Shortly afterwards, the narrator has a visionary encounter with the spirit of the Northern Lights, an experience that changes her forever. Here, her earth-bound body merges with the ancient element of the sky and she is penetrated by ecstatic lights. Again, her shamanic encounter takes place without the guidance of an Elder in her community. She is isolated both physically on the tundra, and socially by the absence of traditional teachings at her school. She is forced to navigate her emerging spiritual power alone. An impossible feat for a teenager.

The Northern Lights facilitate her transition from girl to woman. The sky has made her a mother. Her body becomes the vessel of spiritual life and two half-human children. In Christian terms, she is the figure of Mother Mary, carrying the children of the Holy Spirit. In her transition to motherhood, she finds guidance from an Elder, Helen. But there are limitations even to Helen’s ability to guide the narrator through this shamanic pregnancy. We are told that “the years of holding back words have eroded her spirit.” Helen speaks Inuktitut and the “babies flutter with contentment.” But the happiness cannot last long. When the children are born, their wild, spiritual natures quickly become uncontrollable.

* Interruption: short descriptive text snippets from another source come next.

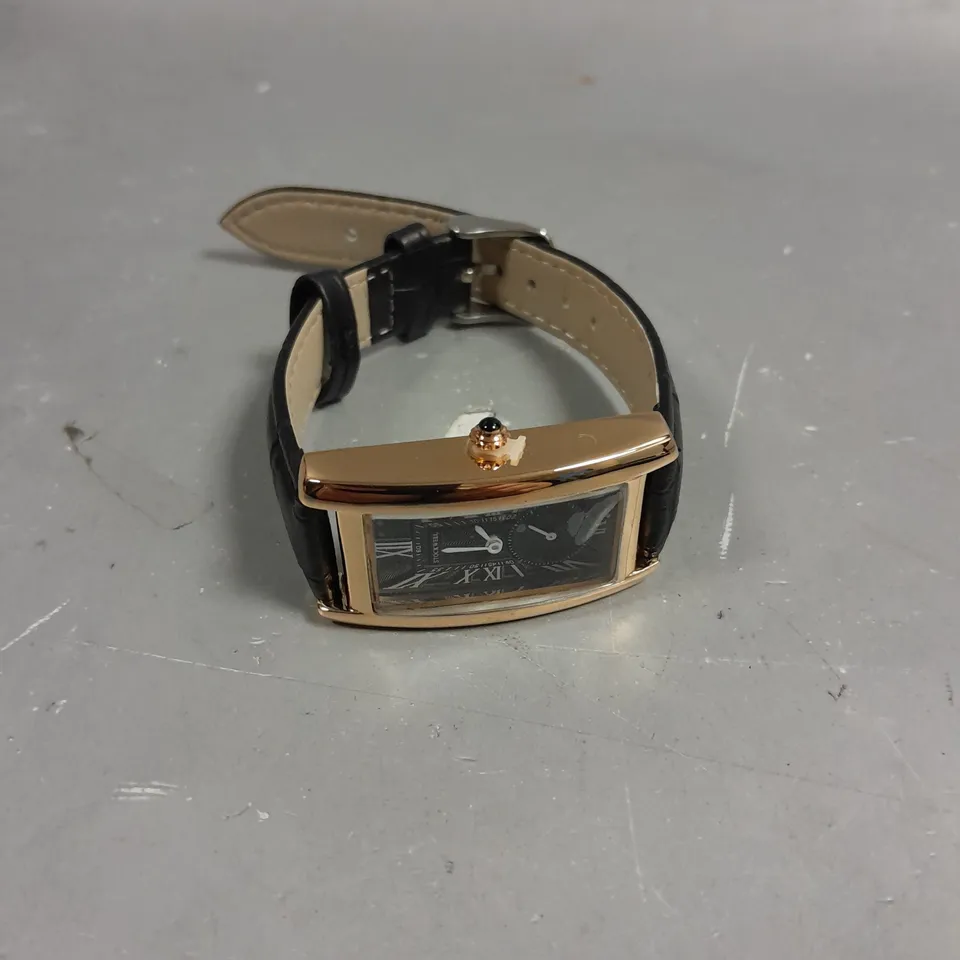 LADIES STOCKWELL WATCH – TEXTURED DIAL WITH SUB DIAL MINUTE HAND – LEATHER STRAP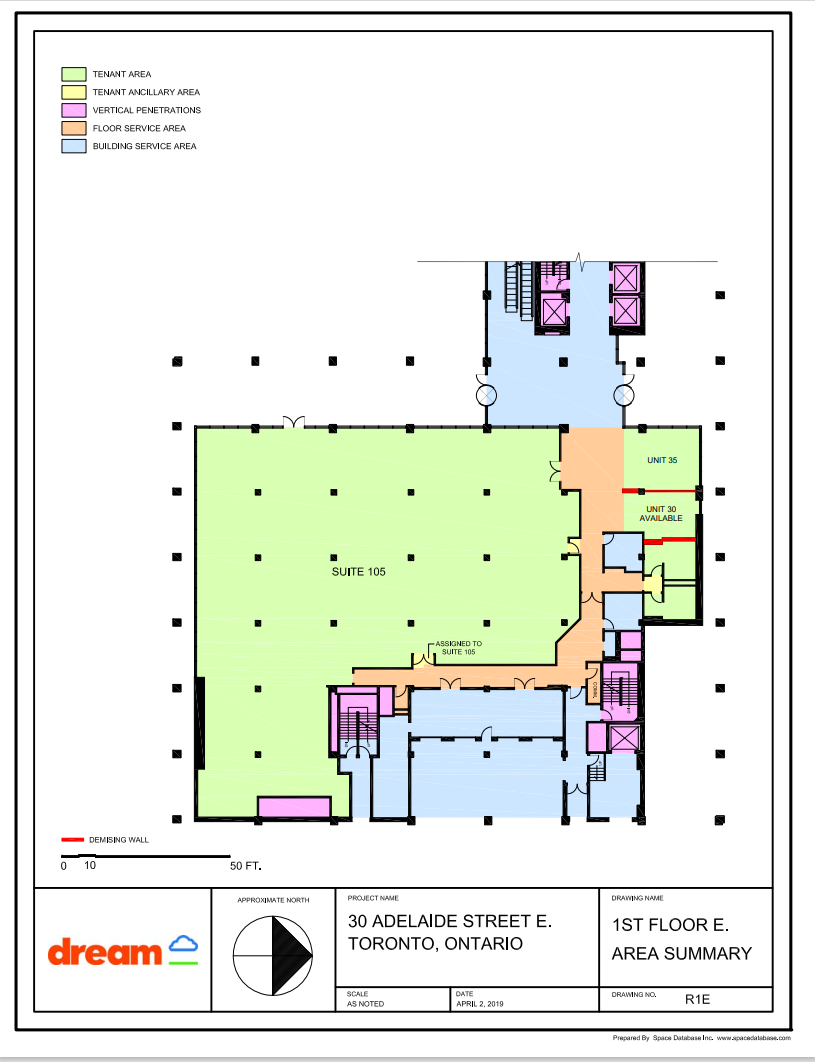 30 Adelaide St E, Toronto, ON à louer Plan d’étage– Image 1 sur 1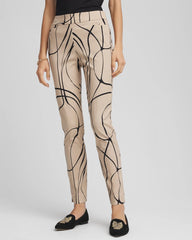 Chico's Collections Brigitte™ Golden Leaf Slim Ankle Pants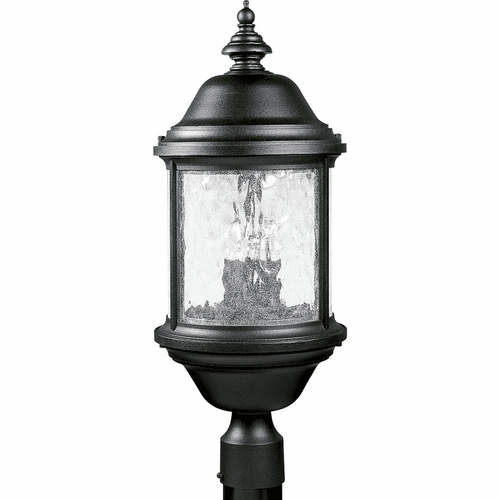 Progress Ashmore 3-LT Outdoor Post Lantern - Textured Black - P5450-31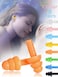 Swimming Earplugs Waterproof Ear Plugs Silicone Noise Cancelling Earplugs with Storage Boxes for Sleeping Swimming Color Set 2 8 Pairs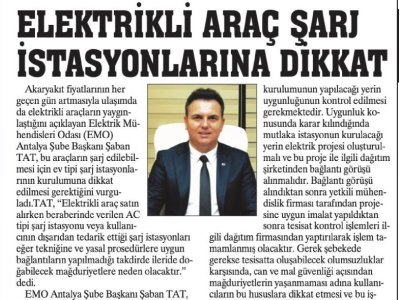 ELEKTRİKLİ ARAÇ ŞARJ İSTASYONLARINA DİKKAT (ANTALYA`DA TİCARET VE SİYASET-18.03.2022)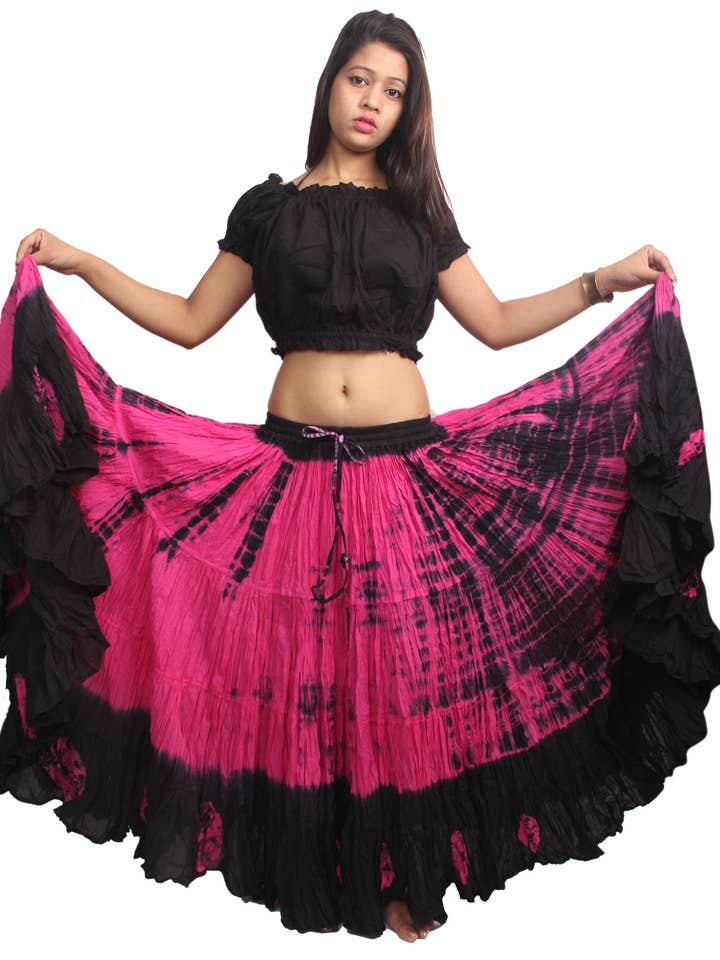 Wevez - Wholesale Skirt - Women's - American Tribal Style 25 Yards Cotton Renaissance skirt12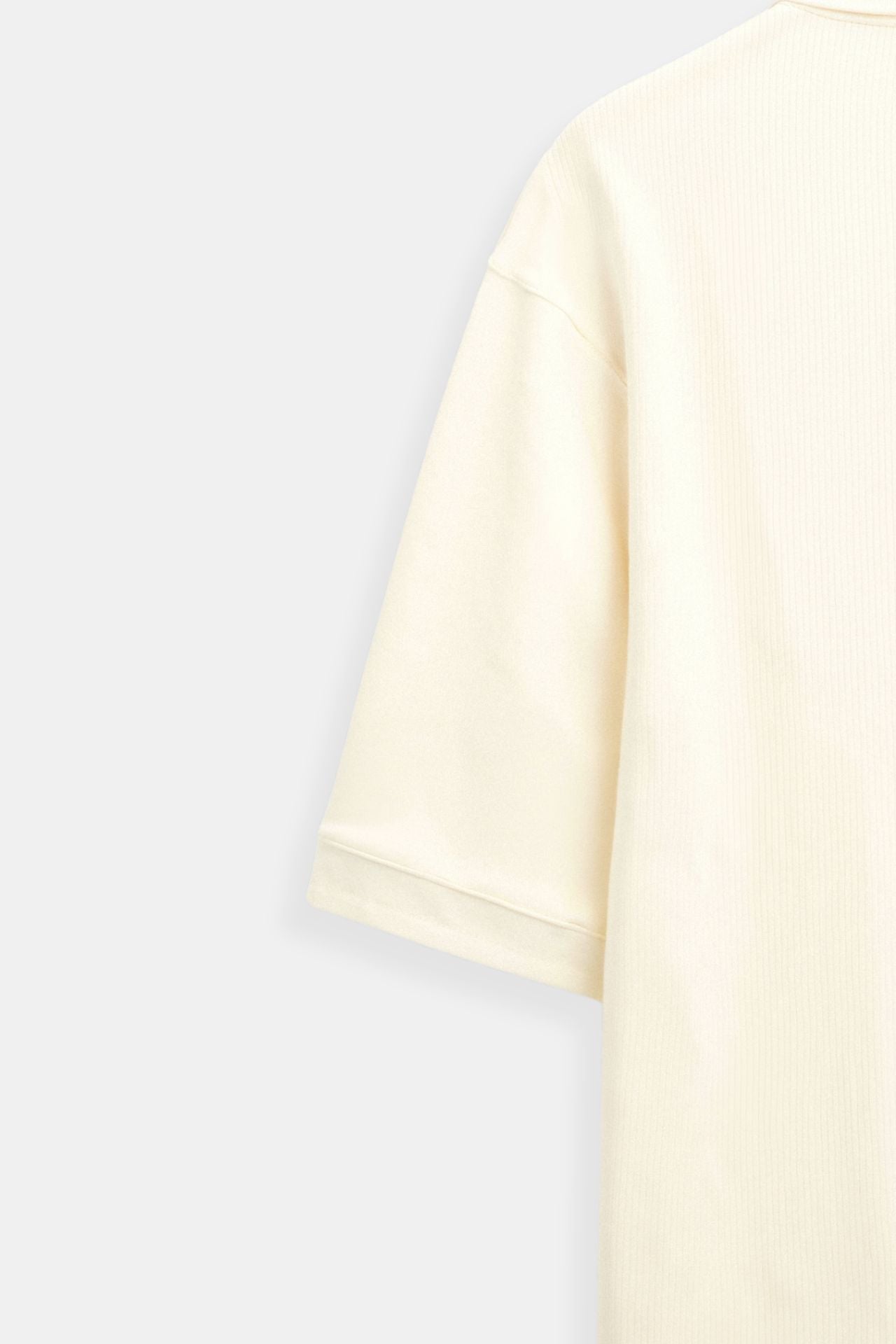 WOOLEN STRUCTURE POLO T-SHIRT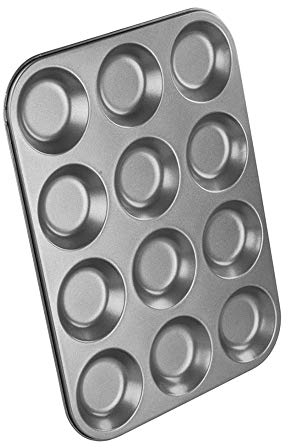 Utensile per Chef teglia Bassa da 12 Muffin Grey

The Artic sea carries its own mythology. The element of water is personified in the legend of Sedna, who is banished from the land by her father after she becomes pregnant by a shape-shifter. She is given to the sea. Her fingers, cut off by her father, became marine animals. Her long hair contained all the creatures of the sea, which she could withhold from the hunters on the ice, leading to starvation. “The only way to placate her was to send a shaman down to the bottom of the ocean to sing her lullabies,” to console her into releasing the animals from her long, tangled hair.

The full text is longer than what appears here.